Author Identification
2017

This task is divided into author clustering and style breach detection. You can choose to solve one or both of them.

Author Clustering

Authorship attribution is an important problem in information retrieval and computational linguistics but also in applied areas such as law and journalism where knowing the author of a document (such as a ransom note) may be able to save lives. The most common framework for testing candidate algorithms is the closed-set attribution task: given known sample documents from a small, finite set of candidate authors, which wrote a questioned document of unknown authorship? It has been commented, however, that this may be an unreasonably easy task. A more demanding task is author clustering where given a document collection the task is to group documents written by the same author so that each cluster corresponds to a different author. This task can also be viewed as establishing authorship links between documents.

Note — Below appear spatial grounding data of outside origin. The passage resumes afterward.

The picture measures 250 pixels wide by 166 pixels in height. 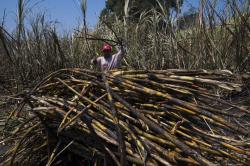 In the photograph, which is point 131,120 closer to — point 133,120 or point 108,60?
point 133,120

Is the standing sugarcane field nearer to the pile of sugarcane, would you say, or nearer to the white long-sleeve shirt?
the pile of sugarcane

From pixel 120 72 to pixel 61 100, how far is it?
0.38 m

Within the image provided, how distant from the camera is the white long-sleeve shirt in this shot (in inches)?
258

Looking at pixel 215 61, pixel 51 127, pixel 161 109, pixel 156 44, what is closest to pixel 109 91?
pixel 161 109

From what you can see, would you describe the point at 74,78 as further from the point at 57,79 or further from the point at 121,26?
the point at 121,26

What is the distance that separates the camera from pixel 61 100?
9.03 ft

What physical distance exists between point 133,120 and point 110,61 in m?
4.43

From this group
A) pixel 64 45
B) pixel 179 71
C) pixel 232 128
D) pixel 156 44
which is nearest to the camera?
pixel 232 128

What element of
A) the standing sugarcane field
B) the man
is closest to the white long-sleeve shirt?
the man

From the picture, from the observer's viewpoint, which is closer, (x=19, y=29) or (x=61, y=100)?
(x=61, y=100)

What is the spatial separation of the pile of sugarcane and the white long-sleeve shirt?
3494 mm

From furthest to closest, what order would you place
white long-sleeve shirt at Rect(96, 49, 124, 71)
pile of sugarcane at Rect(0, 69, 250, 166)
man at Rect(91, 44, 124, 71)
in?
man at Rect(91, 44, 124, 71), white long-sleeve shirt at Rect(96, 49, 124, 71), pile of sugarcane at Rect(0, 69, 250, 166)

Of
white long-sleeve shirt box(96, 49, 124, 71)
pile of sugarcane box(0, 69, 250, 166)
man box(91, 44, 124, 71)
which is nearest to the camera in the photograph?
pile of sugarcane box(0, 69, 250, 166)

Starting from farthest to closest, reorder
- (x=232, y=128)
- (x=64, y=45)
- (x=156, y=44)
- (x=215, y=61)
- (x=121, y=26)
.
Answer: (x=64, y=45), (x=121, y=26), (x=156, y=44), (x=215, y=61), (x=232, y=128) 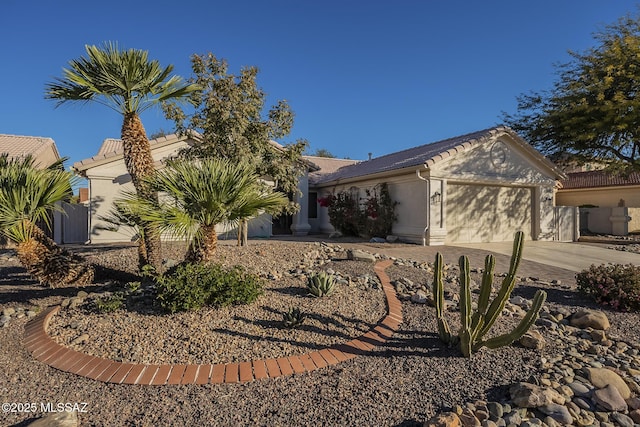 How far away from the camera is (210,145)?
343 inches

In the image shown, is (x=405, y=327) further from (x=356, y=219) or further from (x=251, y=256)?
(x=356, y=219)

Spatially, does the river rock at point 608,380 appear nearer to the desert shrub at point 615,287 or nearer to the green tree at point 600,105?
the desert shrub at point 615,287

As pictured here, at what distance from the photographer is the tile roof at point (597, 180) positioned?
78.2 ft

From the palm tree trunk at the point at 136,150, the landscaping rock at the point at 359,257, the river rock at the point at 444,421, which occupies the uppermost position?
the palm tree trunk at the point at 136,150

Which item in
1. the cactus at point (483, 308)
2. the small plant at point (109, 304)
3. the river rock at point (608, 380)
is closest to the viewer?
the river rock at point (608, 380)

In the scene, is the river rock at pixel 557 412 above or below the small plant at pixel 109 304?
below

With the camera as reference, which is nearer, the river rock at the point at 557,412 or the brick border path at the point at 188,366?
the river rock at the point at 557,412

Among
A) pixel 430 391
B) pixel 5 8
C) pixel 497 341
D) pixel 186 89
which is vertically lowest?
pixel 430 391

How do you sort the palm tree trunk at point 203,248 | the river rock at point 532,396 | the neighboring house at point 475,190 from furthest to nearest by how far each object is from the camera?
the neighboring house at point 475,190 → the palm tree trunk at point 203,248 → the river rock at point 532,396

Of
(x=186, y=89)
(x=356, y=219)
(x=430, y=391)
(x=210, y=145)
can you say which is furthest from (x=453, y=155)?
(x=430, y=391)

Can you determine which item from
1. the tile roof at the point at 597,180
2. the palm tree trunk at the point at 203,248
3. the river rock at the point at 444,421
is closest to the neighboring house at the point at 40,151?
the palm tree trunk at the point at 203,248

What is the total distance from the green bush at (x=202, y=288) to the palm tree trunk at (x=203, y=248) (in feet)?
0.52

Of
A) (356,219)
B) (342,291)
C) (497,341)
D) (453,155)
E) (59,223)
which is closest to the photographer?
(497,341)

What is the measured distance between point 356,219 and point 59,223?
12.7m
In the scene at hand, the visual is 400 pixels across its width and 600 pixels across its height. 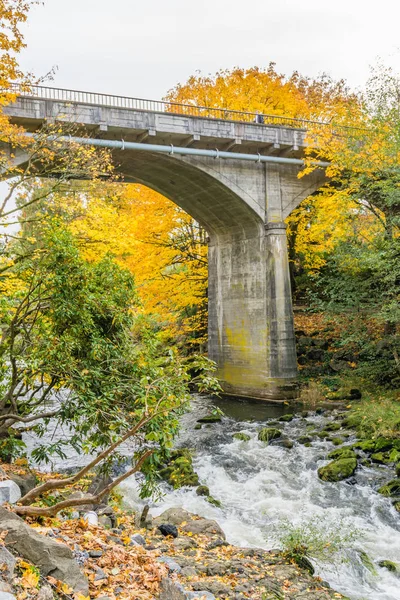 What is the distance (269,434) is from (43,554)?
1070 cm

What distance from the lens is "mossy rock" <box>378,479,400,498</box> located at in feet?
33.3

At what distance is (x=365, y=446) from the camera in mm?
12492

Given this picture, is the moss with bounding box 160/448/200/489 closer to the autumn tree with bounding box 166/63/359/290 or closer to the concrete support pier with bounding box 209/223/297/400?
the concrete support pier with bounding box 209/223/297/400

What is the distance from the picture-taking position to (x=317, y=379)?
1962 centimetres

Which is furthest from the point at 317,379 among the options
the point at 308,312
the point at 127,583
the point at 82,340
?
the point at 127,583

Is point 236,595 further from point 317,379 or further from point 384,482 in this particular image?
point 317,379

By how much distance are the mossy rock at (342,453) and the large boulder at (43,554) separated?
28.7 ft

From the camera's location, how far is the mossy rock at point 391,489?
33.3 feet

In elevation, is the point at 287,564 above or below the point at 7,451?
below

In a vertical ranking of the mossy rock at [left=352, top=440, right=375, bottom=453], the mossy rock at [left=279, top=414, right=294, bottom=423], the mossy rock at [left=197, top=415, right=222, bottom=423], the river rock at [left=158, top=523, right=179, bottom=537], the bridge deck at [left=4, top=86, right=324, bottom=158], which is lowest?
the mossy rock at [left=197, top=415, right=222, bottom=423]

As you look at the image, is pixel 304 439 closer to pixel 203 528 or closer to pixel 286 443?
pixel 286 443

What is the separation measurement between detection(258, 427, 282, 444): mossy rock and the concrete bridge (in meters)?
4.76

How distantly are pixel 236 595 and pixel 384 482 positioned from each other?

Note that the task of authorship verification studied in detail in previous editions of PAN (2013-2015) is strongly associated with author clustering since any clustering problem can be decomposed into a series of author verification problems. We encourage participants to attempt to modify authorship verification approaches to deal with the author clustering task.

PAN-2016 first studied the author clustering task focusing on relatively long documents like articles and reviews. In this edition of PAN, we focus on short documents of paragraph length. The aim is to cluster paragraphs that may be extracted from the same document or different documents and are by the same author. Such a task is closely related to author diarization and intrinsic plagiarism detection.

Similar to PAN-2016 edition of the task, two application scenarios are examined:

  • Complete author clustering: This scenario requires a detailed analysis where the number (k) of different authors found in the collection should be identified and each document should be assigned to exactly one of the k clusters (each cluster corresponds to a different author). In the following illustrating example, 4 different authors are found and the colour of each document indicates its author.
  • Authorship-link ranking: This scenario views the exploration of the given document collection as a retrieval task. It aims at establishing authorship links between documents and provides a list of document pairs ranked according to a confidence score (the score shows how likely it is the document pair to be by the same author). In the following example, 4 document pairs with similar authorship are found and then these authorship-links are sorted according to their similarity.
Task
Given a collection of (up to 50) short documents (paragraphs extracted from larger documents), identify authorship links and groups of documents by the same author. All documents are single-authored, in the same language, and belong to the same genre. However, the topic or text-length of documents may vary. The number of distinct authors whose documents are included in the collection is not given.
Training Phase

To develop your software, we provide you with a training corpus that comprises a set of author clustering problems in 3 languages (English, Dutch, and Greek) and 2 genres (newspaper articles and reviews). Each problem consists of a set of documents in the same language and genre. However, their topic may differ and the document lengths vary from a few hundred to a few thousand words.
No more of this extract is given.